DATA TO PROCESS »
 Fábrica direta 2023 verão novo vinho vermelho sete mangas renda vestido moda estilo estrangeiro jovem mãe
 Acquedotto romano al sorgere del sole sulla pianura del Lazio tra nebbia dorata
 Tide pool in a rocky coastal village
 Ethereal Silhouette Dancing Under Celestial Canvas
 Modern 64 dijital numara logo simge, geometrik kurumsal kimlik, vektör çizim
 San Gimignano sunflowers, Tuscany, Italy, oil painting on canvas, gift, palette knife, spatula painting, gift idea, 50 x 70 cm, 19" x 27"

ASSIGNMENT »
All lines from the one with "Ethereal Silhouette Dancing" to the end of the listing are to be printed exactly as given, both ends included.

RESULT »
 Ethereal Silhouette Dancing Under Celestial Canvas
 Modern 64 dijital numara logo simge, geometrik kurumsal kimlik, vektör çizim
 San Gimignano sunflowers, Tuscany, Italy, oil painting on canvas, gift, palette knife, spatula painting, gift idea, 50 x 70 cm, 19" x 27"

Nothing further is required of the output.